Now note that this exploit does not decrypt a phone. It does not work from a cold boot. But a booted phone that has been authenticated once, and just locked, can be unlocked this way. It’s likely that the Google engineer triaging the bug wasn’t quite able to reproduce the problem, so it wasn’t handled as quickly as it should have been. After demonstrating the problem in person, the wheels of change began to move and the solution was finally released, and [David] earned a very nice bounty of $70,000. This is also an AOSP issue, so downstream projects like LineageOS are pulling the update and working on shipping the fix as well.
Bits and bytes
25 different Lenovo laptops were inadvertently shipped with development drivers that allowed the manipulation of NVRAM variables from the operating system. Or to put it more simply, you can turn off secure boot from Windows. Updates for the affected models fixed the firmware to disable manipulation of such settings after boot.

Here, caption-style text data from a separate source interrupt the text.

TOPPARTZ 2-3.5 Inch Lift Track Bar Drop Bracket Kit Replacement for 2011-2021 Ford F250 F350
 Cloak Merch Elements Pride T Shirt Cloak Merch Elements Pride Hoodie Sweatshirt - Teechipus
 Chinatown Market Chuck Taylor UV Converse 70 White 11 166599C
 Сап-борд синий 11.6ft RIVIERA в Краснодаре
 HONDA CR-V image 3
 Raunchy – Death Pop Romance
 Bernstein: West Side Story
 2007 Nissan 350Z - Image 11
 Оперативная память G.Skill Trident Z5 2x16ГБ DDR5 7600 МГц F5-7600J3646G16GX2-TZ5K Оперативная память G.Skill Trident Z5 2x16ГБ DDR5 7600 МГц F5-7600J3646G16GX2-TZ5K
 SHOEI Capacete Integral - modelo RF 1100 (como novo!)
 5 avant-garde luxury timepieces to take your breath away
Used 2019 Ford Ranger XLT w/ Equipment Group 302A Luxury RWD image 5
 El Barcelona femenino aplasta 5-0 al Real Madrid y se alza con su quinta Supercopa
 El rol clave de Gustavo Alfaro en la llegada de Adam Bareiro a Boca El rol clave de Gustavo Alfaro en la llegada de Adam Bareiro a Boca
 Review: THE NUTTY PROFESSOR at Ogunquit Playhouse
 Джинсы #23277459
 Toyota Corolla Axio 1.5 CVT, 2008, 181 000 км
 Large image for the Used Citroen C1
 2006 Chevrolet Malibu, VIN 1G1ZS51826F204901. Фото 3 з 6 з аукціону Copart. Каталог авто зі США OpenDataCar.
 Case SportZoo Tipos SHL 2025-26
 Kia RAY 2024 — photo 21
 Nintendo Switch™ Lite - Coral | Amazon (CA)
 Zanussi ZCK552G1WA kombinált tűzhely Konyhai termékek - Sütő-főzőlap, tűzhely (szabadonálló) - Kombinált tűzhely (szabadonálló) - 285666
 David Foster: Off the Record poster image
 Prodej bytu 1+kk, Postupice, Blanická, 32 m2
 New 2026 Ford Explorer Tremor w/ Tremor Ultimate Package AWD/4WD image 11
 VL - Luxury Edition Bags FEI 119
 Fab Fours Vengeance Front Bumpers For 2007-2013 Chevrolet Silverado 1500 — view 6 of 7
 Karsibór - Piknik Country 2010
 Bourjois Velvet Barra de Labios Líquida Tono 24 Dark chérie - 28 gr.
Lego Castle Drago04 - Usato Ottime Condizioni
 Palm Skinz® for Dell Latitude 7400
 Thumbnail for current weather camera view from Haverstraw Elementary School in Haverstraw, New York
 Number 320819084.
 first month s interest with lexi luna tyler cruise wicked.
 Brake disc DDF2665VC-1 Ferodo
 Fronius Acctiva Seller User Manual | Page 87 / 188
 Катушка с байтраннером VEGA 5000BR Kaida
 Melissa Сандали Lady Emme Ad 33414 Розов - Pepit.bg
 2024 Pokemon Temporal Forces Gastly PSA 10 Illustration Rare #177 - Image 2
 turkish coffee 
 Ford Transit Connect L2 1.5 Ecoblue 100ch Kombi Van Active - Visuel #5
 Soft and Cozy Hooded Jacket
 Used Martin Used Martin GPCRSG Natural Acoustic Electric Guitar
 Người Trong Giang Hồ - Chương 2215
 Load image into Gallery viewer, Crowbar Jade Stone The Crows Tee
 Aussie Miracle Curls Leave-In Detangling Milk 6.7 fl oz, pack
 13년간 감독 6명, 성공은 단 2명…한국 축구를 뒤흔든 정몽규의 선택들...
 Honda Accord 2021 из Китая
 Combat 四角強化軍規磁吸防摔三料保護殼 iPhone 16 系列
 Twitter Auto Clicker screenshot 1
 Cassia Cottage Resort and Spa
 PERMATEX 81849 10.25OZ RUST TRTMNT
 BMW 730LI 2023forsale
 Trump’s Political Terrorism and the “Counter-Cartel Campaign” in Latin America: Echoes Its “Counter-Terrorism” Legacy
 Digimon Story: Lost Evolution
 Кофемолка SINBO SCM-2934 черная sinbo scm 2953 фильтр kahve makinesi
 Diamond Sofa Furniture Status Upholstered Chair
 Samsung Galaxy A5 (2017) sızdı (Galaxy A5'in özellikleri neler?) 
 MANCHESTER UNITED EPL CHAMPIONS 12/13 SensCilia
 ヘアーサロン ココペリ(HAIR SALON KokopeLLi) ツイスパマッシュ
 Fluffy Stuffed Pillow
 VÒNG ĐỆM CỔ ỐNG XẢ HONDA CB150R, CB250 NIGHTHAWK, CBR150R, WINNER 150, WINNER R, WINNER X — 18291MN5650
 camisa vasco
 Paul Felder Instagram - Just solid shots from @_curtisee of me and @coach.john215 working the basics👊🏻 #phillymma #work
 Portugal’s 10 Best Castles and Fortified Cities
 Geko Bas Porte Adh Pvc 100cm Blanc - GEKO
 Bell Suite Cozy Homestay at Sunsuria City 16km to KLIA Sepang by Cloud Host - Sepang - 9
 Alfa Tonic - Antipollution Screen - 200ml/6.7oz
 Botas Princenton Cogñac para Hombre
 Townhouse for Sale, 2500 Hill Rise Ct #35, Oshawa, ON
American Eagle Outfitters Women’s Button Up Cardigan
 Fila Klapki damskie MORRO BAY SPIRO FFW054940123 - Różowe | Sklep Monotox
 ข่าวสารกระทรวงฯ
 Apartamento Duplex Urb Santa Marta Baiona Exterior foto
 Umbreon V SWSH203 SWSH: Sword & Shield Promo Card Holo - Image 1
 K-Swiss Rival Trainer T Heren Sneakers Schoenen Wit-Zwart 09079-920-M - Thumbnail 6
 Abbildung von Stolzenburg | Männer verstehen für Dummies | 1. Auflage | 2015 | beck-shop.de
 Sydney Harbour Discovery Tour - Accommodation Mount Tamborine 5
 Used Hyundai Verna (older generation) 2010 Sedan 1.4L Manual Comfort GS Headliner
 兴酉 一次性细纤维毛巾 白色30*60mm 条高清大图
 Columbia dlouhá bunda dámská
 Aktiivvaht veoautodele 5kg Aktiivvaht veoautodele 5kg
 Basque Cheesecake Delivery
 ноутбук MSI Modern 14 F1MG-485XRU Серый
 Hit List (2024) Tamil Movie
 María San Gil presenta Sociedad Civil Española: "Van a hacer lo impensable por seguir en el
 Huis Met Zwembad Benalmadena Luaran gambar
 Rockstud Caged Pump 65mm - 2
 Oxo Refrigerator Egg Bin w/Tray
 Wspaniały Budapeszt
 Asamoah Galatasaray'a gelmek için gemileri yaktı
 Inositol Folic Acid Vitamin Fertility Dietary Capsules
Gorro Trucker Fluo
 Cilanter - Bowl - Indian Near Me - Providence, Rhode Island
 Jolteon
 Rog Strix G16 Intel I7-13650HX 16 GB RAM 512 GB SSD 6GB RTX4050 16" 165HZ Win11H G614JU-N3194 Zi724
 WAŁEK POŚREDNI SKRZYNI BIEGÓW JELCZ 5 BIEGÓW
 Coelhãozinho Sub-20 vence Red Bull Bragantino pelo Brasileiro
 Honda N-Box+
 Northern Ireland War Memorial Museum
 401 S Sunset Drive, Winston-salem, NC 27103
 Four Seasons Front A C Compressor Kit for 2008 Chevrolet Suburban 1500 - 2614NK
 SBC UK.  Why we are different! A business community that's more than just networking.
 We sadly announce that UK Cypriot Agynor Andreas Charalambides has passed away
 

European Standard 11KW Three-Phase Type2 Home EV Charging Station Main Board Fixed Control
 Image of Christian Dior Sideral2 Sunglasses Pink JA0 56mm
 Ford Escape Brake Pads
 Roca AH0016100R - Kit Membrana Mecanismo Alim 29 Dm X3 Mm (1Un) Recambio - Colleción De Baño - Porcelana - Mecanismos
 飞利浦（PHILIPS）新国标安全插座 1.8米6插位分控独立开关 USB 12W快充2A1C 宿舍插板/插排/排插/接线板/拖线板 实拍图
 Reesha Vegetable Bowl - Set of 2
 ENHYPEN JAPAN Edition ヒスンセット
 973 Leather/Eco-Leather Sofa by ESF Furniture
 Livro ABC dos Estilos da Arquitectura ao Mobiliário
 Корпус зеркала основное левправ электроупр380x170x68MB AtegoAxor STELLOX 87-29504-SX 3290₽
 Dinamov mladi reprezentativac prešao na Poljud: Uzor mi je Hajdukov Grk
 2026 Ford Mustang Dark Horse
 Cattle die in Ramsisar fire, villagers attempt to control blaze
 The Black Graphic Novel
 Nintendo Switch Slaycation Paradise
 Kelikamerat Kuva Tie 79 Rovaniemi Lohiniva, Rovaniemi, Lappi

A collection of malicious apps on the Google Play Store has managed one million downloads. These apps delay all malicious activity for a few days after installation, but eventually start loading phishing pages in new Chrome tabs. The really worrying part is that these apps entered the Play Store and were not flagged in any of Google’s app scans. It makes one wonder what else might be lurking.
And some positive news, the Open Bug Bounty has passed the milestone of fixing one million vulnerabilities. This alternative bug bounty system is designed for smaller websites and organizations to attract security talent to find problems with their infrastructure. And it seems to be working, congrats on the milestone!